I sort of agree with you. Although there should be a distiction in a way that Java did it (which I believe is what the original poster requested): - A string should be a sequence of unicode characters. That's it. Nothing more, noting less. - A stream should provide an externalisation interface for strings. It should be the responsibility of the stream to provide encoding and decoding of the external encoding to and from Unicode. This is what Java has done, but they still managed to mess it up originally. I this one of the reasons for this is that the people who designed it didn't understand Unicode and encodings entirely. Originally I wasn't interested in this at all, and made a lot of mistakes. I'm swedish, and while I do have the need for non-ASCII characters, I didn't understand the requirements of Unicode until I started studying mandarin chinese, and then russian.
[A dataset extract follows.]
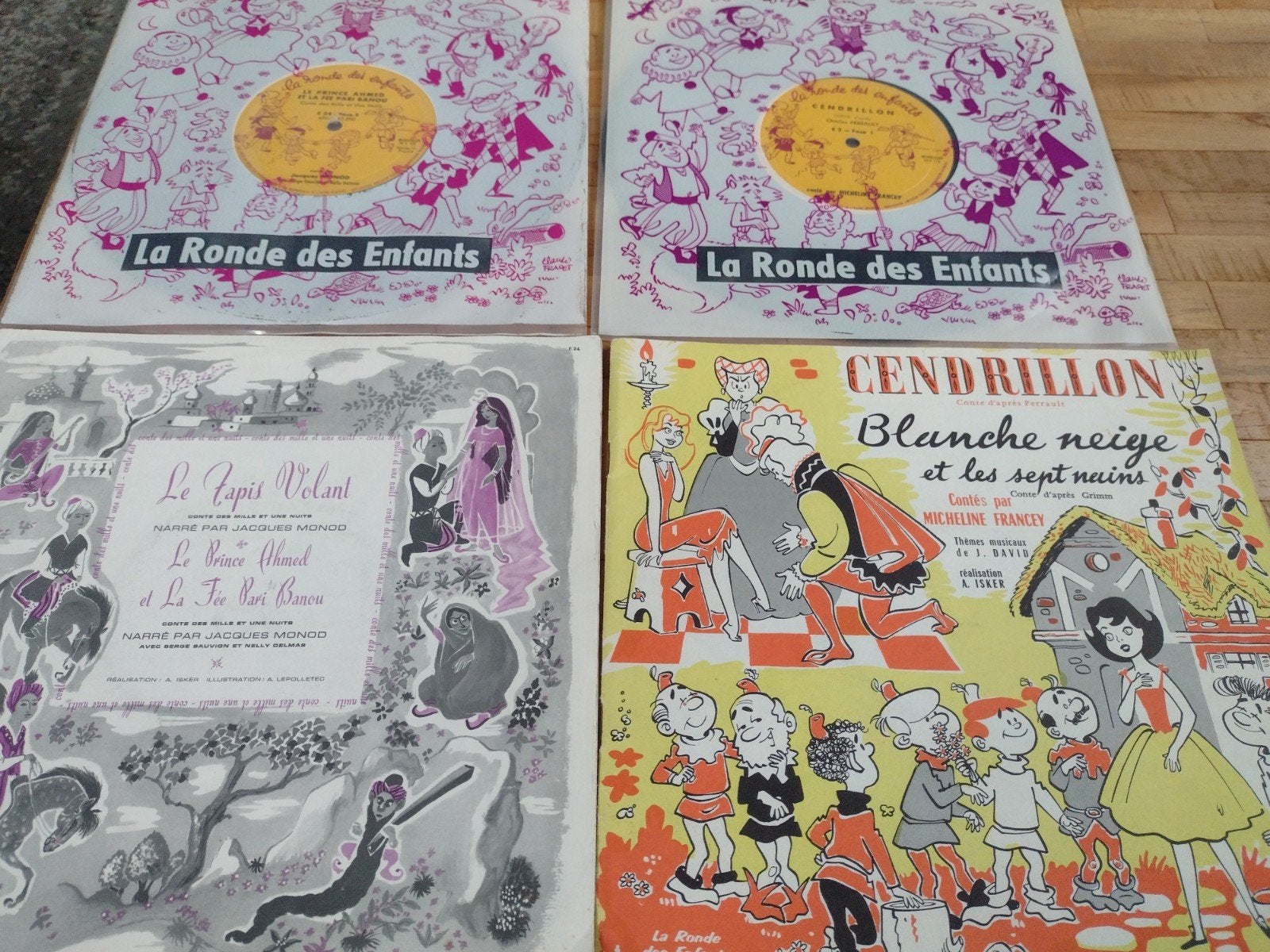 2 x 10" vinyl BLANCHE NEIGE (1958)-LE TAPIS VOLANT (1961), Ophalen of Verzenden, Zo goed als nieuw, Beschermende buitenhoes, Overige typen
Since my GF is russian I now see a lot of the problems caused by badly written code, and I see D as an opportunity to lobby for a use of Unicode in a way that minimises the opportunties to write code that only works with english. Regards Elias

Dec 02 2003
parent reply Elias Martenson <elias-m algonet.se> writes:
J C Calvarese wrote:

 I think everyone would agree that the task would be a large one. Since 
 Walter is only one person, you might judge the string-handling functions 
 he developed to be simplistic.

Yes they are. However, like I said. No single person can do this right. A lot of very bright people (don't ask me to compare them to Walter, I don't know him, nor them :-) ) worked on Java and they made dozens of very bad mistakes in 1.0. Not until 1.5 (which isn't released yet) are they catching up.
 (For my purposes they're fine, but I've 
 never worked with Unicode.)

Exactly. Not to offend anyone by asking about nationality, but I assume you are an english-only speaker? This is a common situation. One uses the most obvious tools at hand (which in both C and D are char-arrays) and everything works fine. Later, when it's time to localise the application you realise you should have used char_t (dchar) instead. Congratulations on the task of changing all that code. In fact, you don't veen have to localise your app to end up with problems. My last name is actually Mårtenson, and in Unicode the second character encodes into two bytes. Guess what happens when a naïve implementation runs the following code to verify my name? Try to count the number of errors: for (int c = 0 ; c < strlen(name) ; c++) { char ch = name[c]; // make uppercase chars into lowercase if (isupper(ch)) { name[c] += 'a' - 'A'; } } // print the name with a series of stars below it printf ("%s\n", name); for (int c = 0 ; c < strlen(name) ; c++) { putchar ('*'); } putchar ('\n'); Code like the one above is not particularily uncommon to see. Hell, I even wrote code like it myself. All of the above problems will not be fixed if char is a 32-bit entity (at least one will remain) but most of the work will be done already.
 If someone (or a group of people) offered to 
 supply some more comprehensive functions/classes, I think he'll accept 
 donations.

I would like to help out in such a group, but I certainly cannot do it myself. For one, I'm not skilled enough in D to even use correct "D-style" everywhere.
 Personally, I know next to nothing about Unicode, so your discussion is 
 way over my head.  I've noted similar criticisms before and I suspect 
 D's library is somewhat lacking in this area.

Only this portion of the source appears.